I have had four career transitions before this one, and none of them surfaced this feeling. At the offshore consulting firm, they worked me to the bone until my last day. At the PSU, I was informed on a Friday that I would be joining a government ministry the following Monday. At the ministry, my investment in boss's impact kept me driven long past my formal responsibilities. At the domestic consulting firm, it was deliverable-driven until the last day shipped. In every case, the gap between roles was either nonexistent or filled by something that functioned like purpose. I never experienced the vacuum. This is the first time the organisation has executed a clean, well-managed offboarding. And the textbook transition, experienced from the inside, feels like having the floor removed so gently that you don't realise you are falling until you look down.
I knew this gap was coming. I could have planned for it. I didn't. Because I had no experiential model for what this would feel like. You cannot prepare for a feeling you have never had.

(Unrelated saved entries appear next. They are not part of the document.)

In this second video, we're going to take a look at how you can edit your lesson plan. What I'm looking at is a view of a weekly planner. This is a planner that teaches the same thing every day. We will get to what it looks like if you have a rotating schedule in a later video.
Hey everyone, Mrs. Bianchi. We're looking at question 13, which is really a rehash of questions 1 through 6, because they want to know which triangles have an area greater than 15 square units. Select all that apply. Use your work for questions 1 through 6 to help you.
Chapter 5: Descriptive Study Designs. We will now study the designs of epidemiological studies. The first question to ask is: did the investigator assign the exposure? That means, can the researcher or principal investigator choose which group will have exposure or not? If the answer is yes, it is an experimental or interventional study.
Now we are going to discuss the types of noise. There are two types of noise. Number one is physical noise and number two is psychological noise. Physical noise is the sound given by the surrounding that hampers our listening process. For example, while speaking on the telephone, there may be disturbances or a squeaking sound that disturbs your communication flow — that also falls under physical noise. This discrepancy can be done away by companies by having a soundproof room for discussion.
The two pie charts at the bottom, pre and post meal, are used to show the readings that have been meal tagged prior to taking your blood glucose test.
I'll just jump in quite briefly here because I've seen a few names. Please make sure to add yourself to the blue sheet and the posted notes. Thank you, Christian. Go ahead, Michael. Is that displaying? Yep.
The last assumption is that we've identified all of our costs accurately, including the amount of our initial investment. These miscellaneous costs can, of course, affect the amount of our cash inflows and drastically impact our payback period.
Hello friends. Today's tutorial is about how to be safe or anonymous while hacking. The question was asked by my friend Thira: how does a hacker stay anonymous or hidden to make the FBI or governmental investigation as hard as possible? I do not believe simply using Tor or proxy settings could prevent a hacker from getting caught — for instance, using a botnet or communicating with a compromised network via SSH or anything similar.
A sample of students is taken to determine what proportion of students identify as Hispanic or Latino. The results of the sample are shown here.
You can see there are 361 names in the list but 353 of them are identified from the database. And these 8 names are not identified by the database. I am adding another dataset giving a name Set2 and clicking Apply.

I know the literature on this. Bridges on the neutral zone between endings and beginnings. Ibarra on how identity shifts during liminal periods. Ashforth on the micro-processes of role exit. I know, intellectually, that the space between roles is psychologically significant. That sitting with it is more important than rushing through it. Knowing this has not helped. Not even a little.
For twelve years, I treated my career as the vehicle for purpose, and I did not notice that the vehicle was doing all the driving. I was so busy navigating, choosing roles, building impact, making meaning through work, that I never asked whether I could make meaning without it. I never had to. There was always a next meeting, a next deliverable, a next organisation reaching for me before the previous one had fully let go.

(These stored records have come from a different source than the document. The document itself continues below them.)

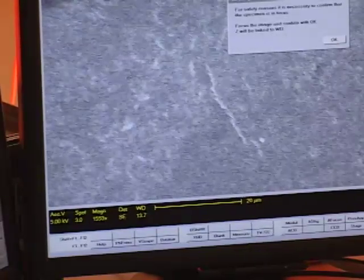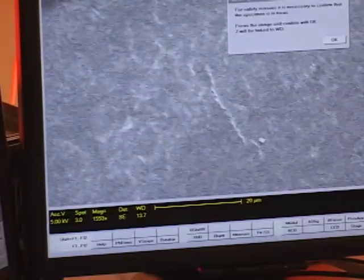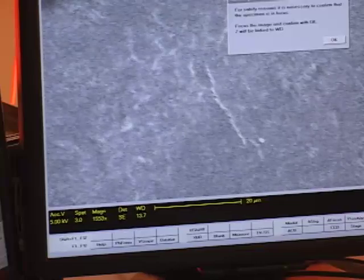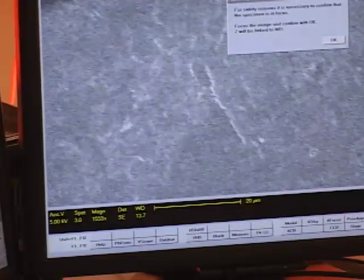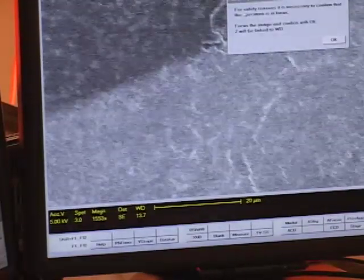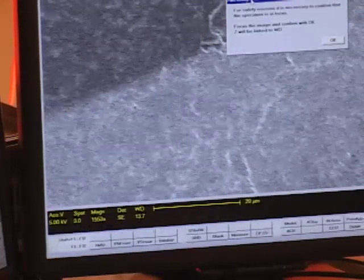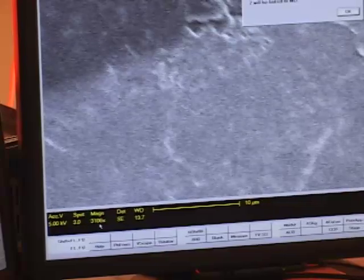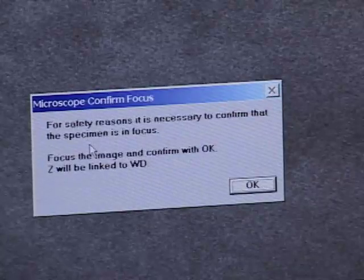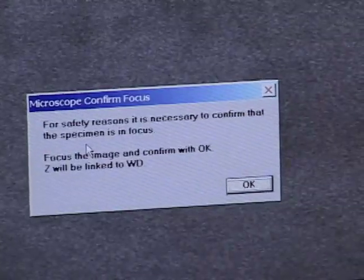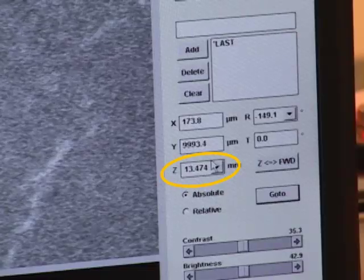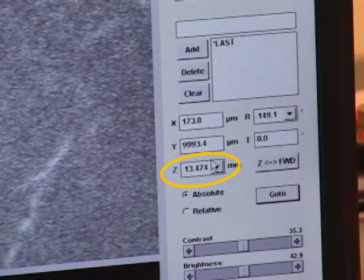So I'll magnify one more time. I'm now at 3,100, over 2,000. I get the best focus I can and now the working distance reads 13.5 millimeters. This is an accurate measurement of how far the sample is from the pole pieces. So I'm going to calibrate that height of the stage by clicking OK in this box. You can see that it transfers the working distance into the Z coordinate over here.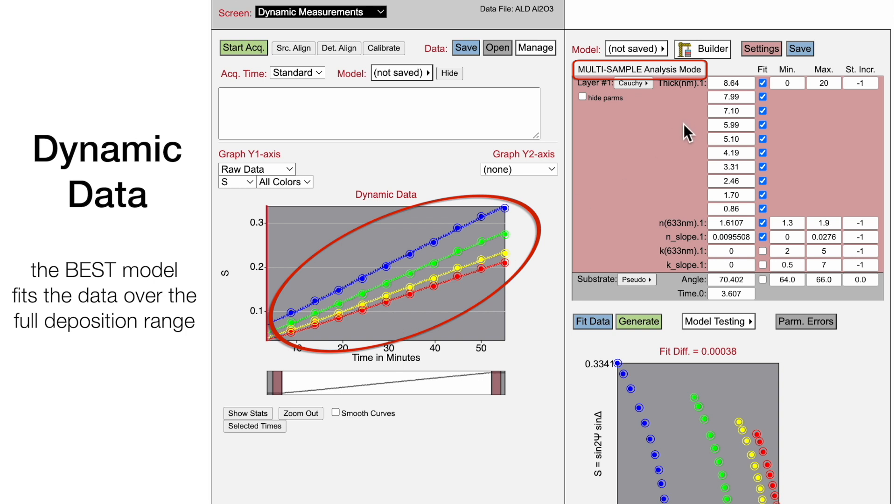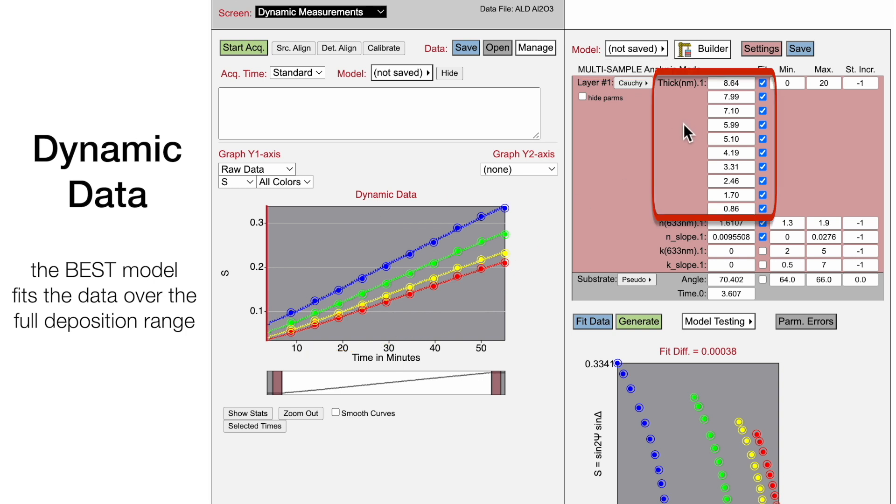The 10 thicknesses in the model correspond to each selected time, assuming that the film optical constant parameters are the same throughout the deposition.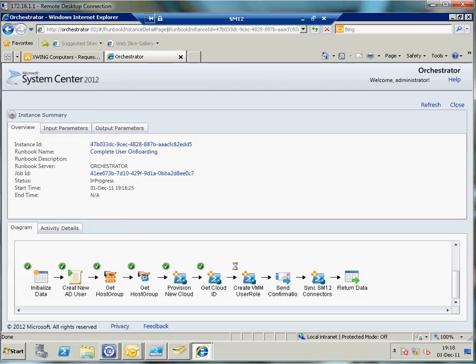So let's switch over to Virtual Machine Manager for a second.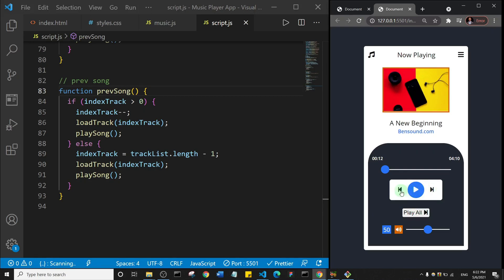All right, so at this point I can see that our buttons work, both the play pause button, the next and the previous button, they all work. So in the next video we're going to add more functionalities to the project. All right, thank you and see you there.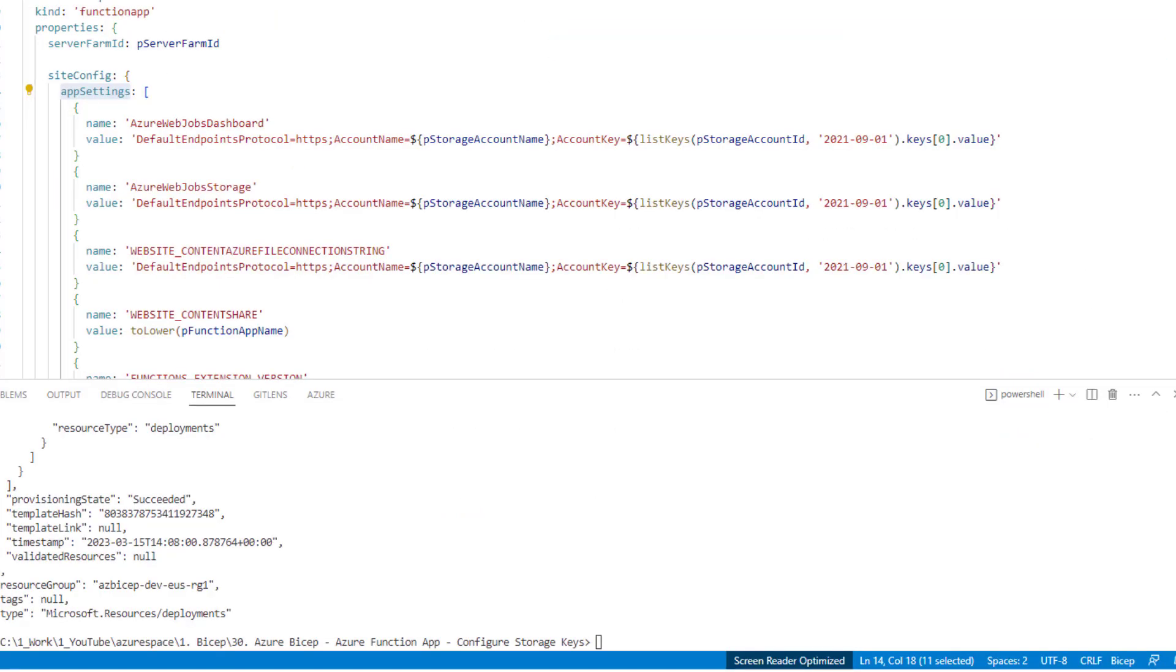In this video we have learned how to dynamically retrieve the storage account keys by using a function called listKeys. ListKeys accepts two parameters: one of them is storage account ID and the API version. ListKeys returns two keys because storage account has key one and key two. The return value of listKeys function is an array and we only need one key. We are using zero as an index and finally getting the value that is available in that index. That's how we dynamically retrieve the access keys of a given storage account using listKeys.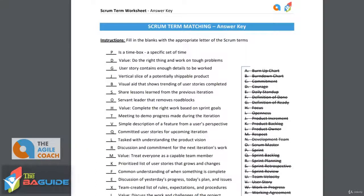We come to our third Scrum value: treat everyone as a capable team member. And this is respect. All team members are chipping in and doing things that are sometimes a little out of their comfort zone, so you need to make sure you're treating everyone with respect and as if they're a capable team member.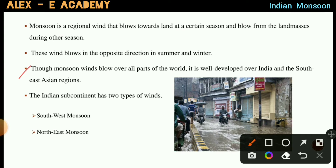Though the monsoon winds blow over all parts of the world, they are well developed over India and the Southeast Asian region. In India, the Southeast Asian region is shaped by the monsoon winds.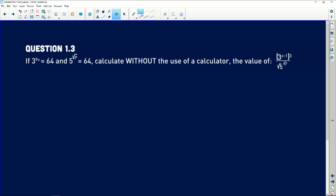Question 1.3 — we're still simplifying algebraic equations and expressions. It's a very powerful question because it's not straightforward; it's what we call a problem-solving question. It says: if 3 to the power 9x equals 64 and 5 to the power of the square root of p is also equal to 64, calculate without a calculator the value of 3 to the power (x minus 1), everything raised to the power of 3, divided by the square root of 5 to the power of the square root of p.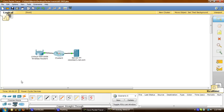Welcome to Cisco Packet Tracer tutorial number six. Today we'll be examining NAT on a multi-function device. We'll examine the Linksys GUI for NAT configuration, then set up four PCs to connect to the Linksys device with DHCP enabled, and last we'll examine the traffic that crosses the network using NAT.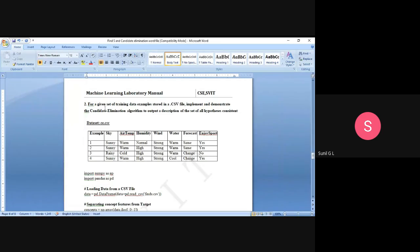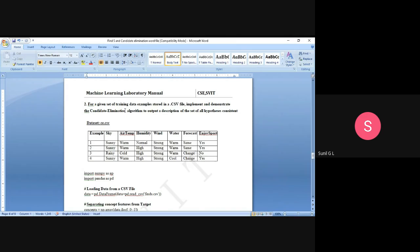We will discuss the lab program for a given dataset of training examples stored in a CSV file — implementing and demonstrating the Candidate Elimination Algorithm to output a description of the set of all hypotheses consistent with the training data. This is the problem statement we need to apply the Candidate Elimination Algorithm for.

Now, for the first time, nothing is reaching. And I am discovering that the person who remains, the one sitting on the couch at two in the afternoon, knows exactly who she is, what she values, and what she is capable of. She just doesn't know why today matters. And she is not sure she has ever known, independent of an institution telling her.
That is not a comfortable thing to write. It is also, I suspect, not a rare one. I think there are many professionals who have built impressive, purposeful careers without ever developing an independent source of meaning. The career is the meaning. The institution is the purpose. And as long as there is always a next role, a next project, a next organisation, you never have to confront the absence underneath.

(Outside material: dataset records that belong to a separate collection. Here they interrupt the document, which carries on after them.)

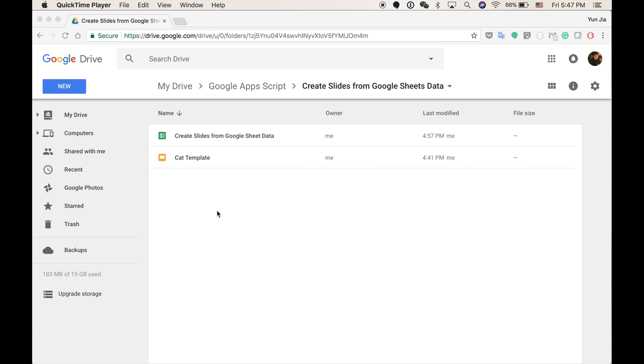Hi guys, today I'm going to show you how to create some Google Slides from a template and Google Sheet data.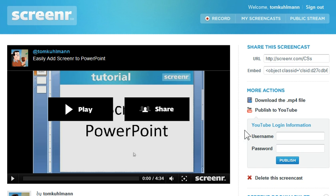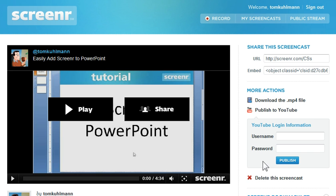You click that. You'll need to add your YouTube login information — your username and password. That's going to connect to YouTube, and then when you hit publish it will upload the video to YouTube for you. Of course, you can always download the MP4 and then go through the process of uploading to YouTube manually if you'd like to do that.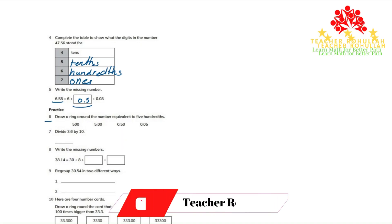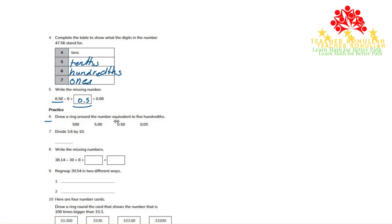In question six it says draw a ring around the number equivalent to five hundredths. Equivalent to five hundredths.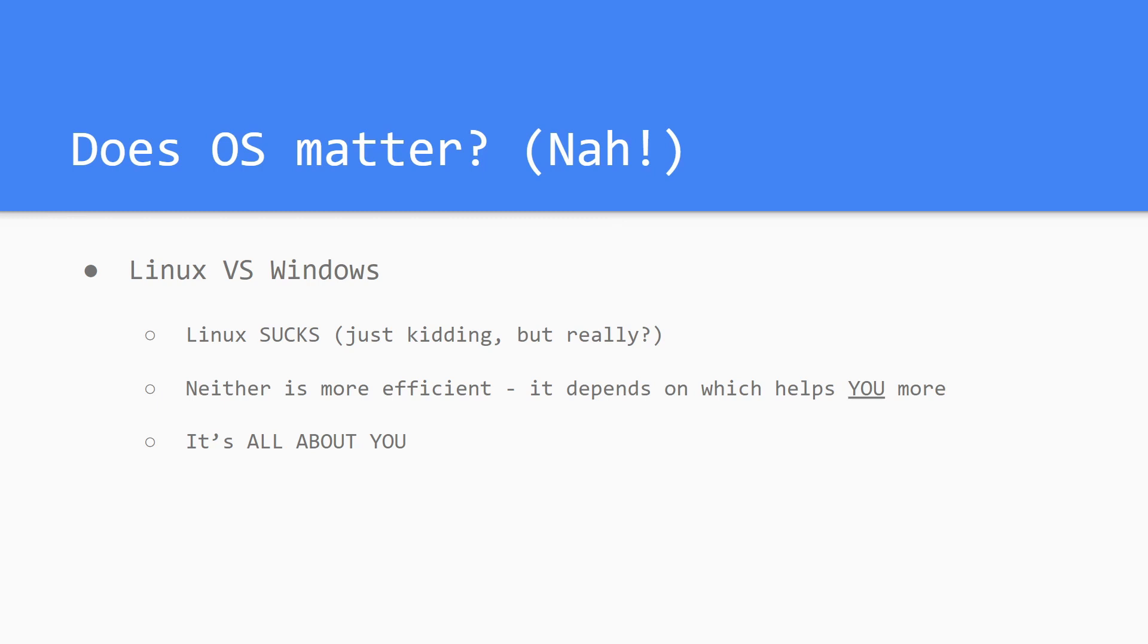The same thing with OS. The main thing the OS should do is make you feel comfortable. Now, if you're more used to bash commands, so you want to use Linux, that would also be a valid reason to use Linux instead of Windows. But also, learning commands between Linux and Windows should be fairly simple if you don't know one or the other. But once again, in the end it's all about you, your personal preference, and what makes you comfortable.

Until you do. Until there are three weeks left on your notice period and nobody needs anything from you and the evening comes and you cannot name a single thing you accomplished and the guilt is not about productivity. It is about something deeper. It is the quiet terror of a day that did not matter, and the even quieter question of whether you know how to make one matter on your own.
I don't have an answer yet. I have three weeks to sit with the question.
If you have been through this, the space where no institution is claiming you and the day stretches out without weight or direction, I would like to know: did you find your own answer? Or did the next role arrive before you had to?